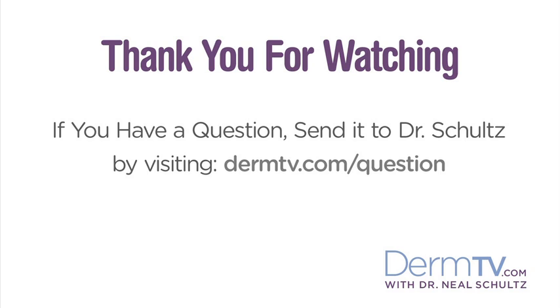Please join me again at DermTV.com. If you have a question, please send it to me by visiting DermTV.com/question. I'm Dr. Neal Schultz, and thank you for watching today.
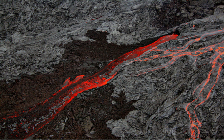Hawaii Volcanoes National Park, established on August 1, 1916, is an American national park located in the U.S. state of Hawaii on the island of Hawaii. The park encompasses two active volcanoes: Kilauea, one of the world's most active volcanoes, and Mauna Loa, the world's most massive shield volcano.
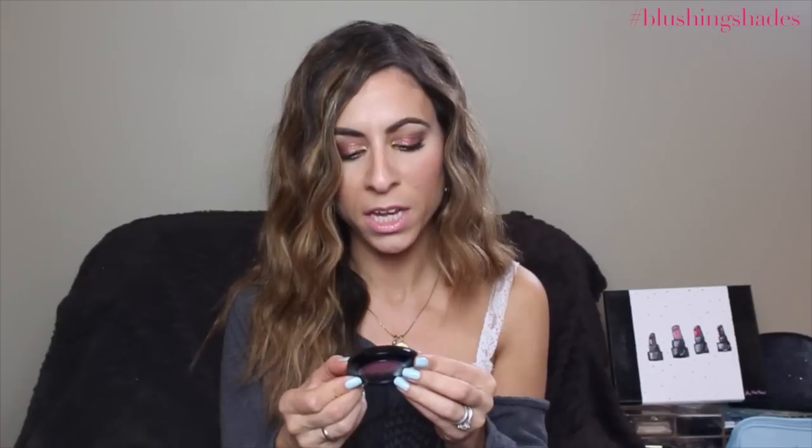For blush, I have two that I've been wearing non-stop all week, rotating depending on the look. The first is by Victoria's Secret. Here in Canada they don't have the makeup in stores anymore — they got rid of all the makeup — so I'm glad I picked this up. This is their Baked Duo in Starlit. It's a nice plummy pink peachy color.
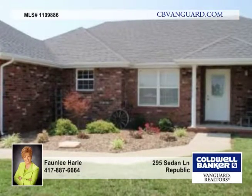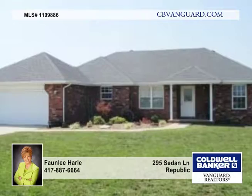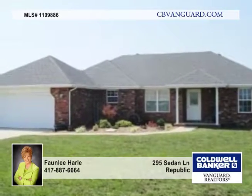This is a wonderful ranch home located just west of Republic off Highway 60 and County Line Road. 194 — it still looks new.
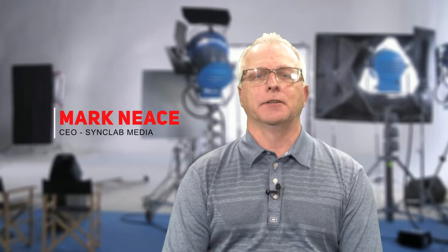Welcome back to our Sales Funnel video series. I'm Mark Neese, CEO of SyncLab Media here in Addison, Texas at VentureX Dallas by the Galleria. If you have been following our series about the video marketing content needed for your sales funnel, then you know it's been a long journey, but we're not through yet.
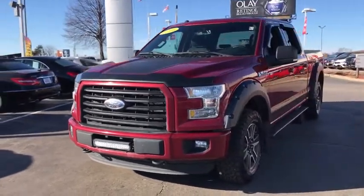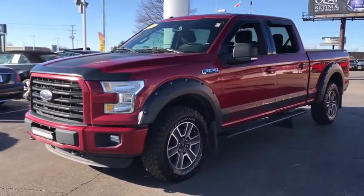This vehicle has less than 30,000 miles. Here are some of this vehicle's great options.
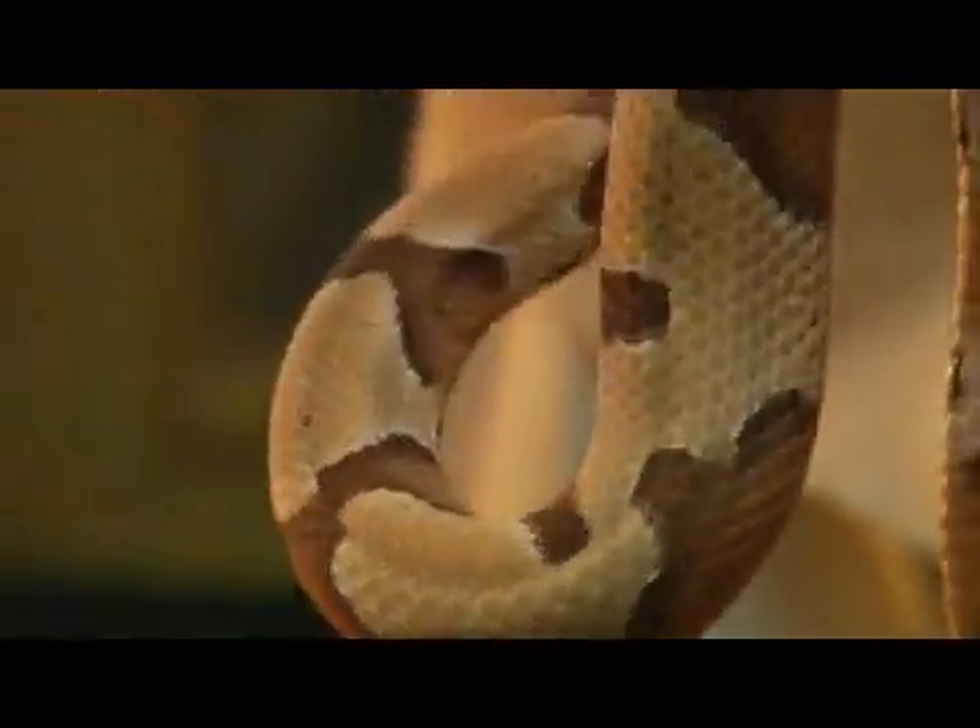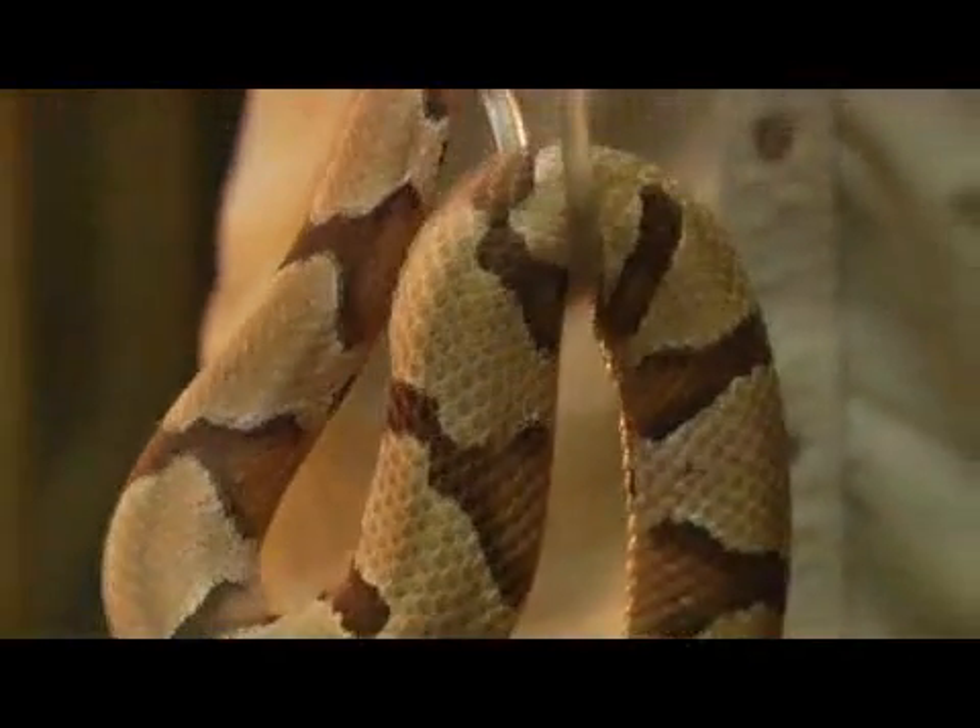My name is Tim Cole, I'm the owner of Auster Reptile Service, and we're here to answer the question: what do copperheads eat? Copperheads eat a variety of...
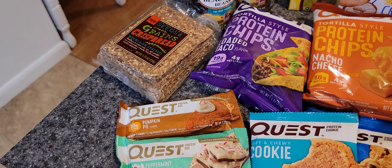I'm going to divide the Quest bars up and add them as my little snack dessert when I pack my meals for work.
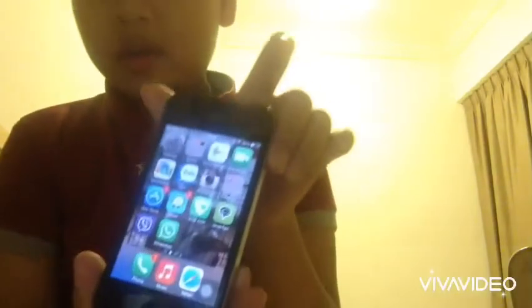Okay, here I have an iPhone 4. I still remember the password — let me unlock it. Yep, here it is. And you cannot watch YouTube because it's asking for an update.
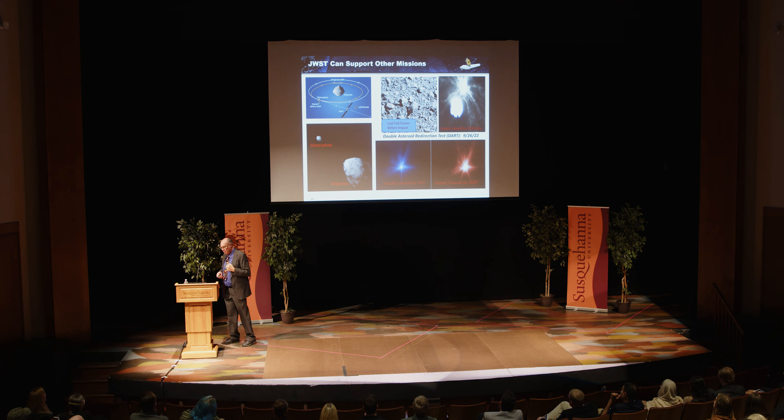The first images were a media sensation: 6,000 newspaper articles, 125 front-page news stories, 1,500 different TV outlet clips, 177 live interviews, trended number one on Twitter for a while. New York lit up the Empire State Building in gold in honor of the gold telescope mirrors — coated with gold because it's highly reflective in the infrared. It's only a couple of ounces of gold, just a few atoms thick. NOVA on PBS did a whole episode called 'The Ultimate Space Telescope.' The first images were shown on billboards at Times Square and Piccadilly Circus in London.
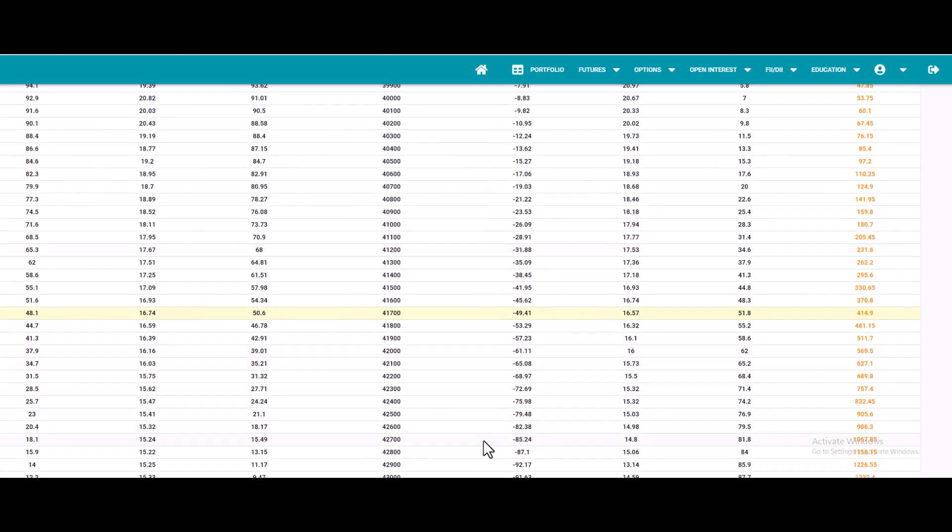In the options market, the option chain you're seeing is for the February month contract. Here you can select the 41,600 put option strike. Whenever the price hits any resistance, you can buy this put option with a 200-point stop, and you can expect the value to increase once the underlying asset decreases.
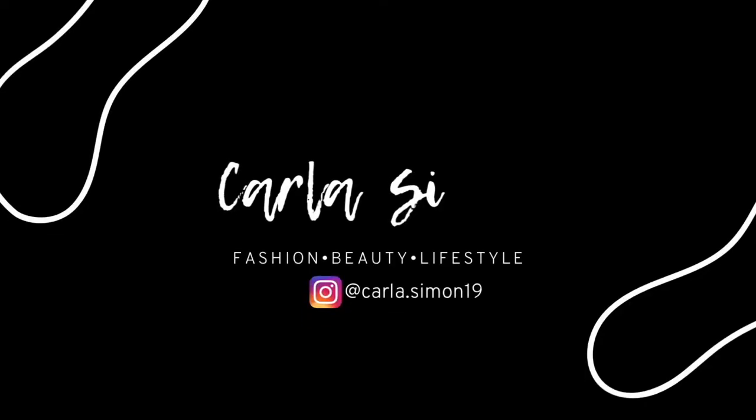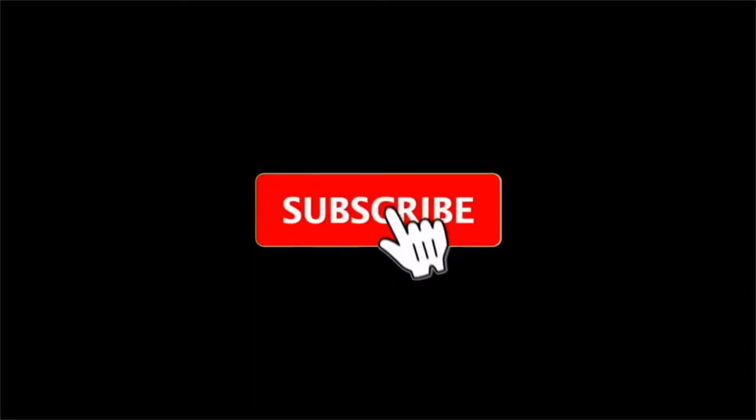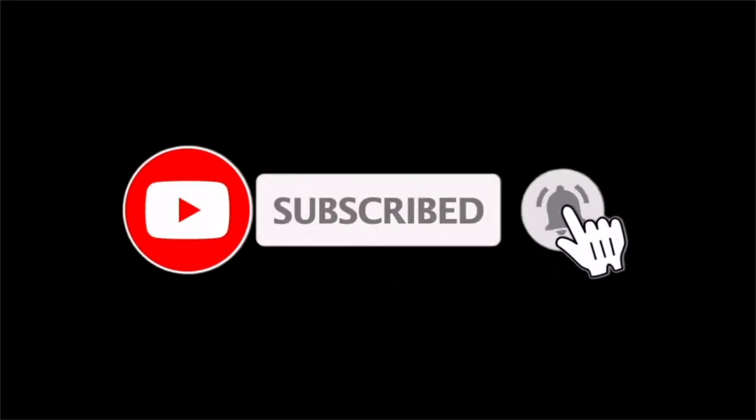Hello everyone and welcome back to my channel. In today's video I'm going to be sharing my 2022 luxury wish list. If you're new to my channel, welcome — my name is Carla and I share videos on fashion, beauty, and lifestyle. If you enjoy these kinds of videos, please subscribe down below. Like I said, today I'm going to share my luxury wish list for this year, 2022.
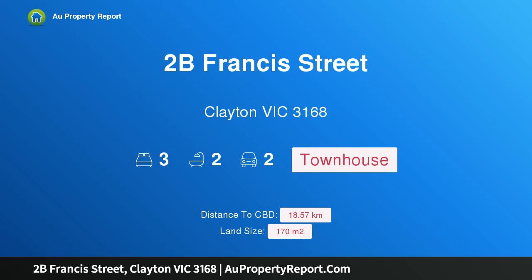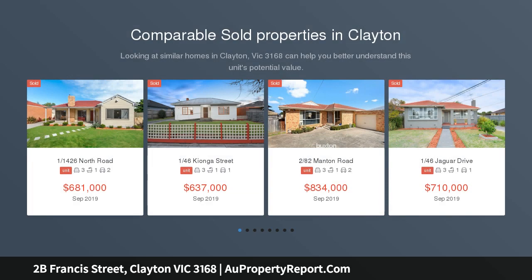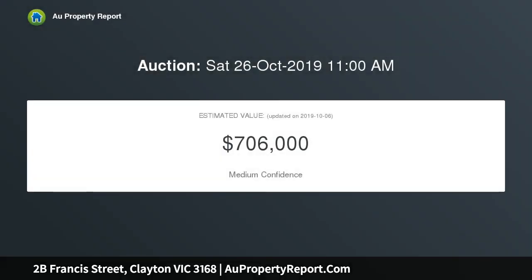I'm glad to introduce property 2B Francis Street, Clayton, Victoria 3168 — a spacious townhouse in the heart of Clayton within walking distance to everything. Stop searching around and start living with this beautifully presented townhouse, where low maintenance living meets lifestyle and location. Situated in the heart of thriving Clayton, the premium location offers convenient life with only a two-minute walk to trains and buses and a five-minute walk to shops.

# WHAT YOU SHOULD DO:
Starting with the line above that holds "Hawaii Volcanoes National", restate each line word for word up to and including the line that holds "This is a wonderful". Drop the pictures.

# RESPONSE TO THIS TASK:
Hawaii Volcanoes National Park, established on August 1, 1916, is an American national park located in the U.S. state of Hawaii on the island of Hawaii. The park encompasses two active volcanoes: Kilauea, one of the world's most active volcanoes, and Mauna Loa, the world's most massive shield volcano.
For blush, I have two that I've been wearing non-stop all week, rotating depending on the look. The first is by Victoria's Secret. Here in Canada they don't have the makeup in stores anymore — they got rid of all the makeup — so I'm glad I picked this up. This is their Baked Duo in Starlit. It's a nice plummy pink peachy color.
This is a wonderful ranch home located just west of Republic off Highway 60 and County Line Road. 194 — it still looks new.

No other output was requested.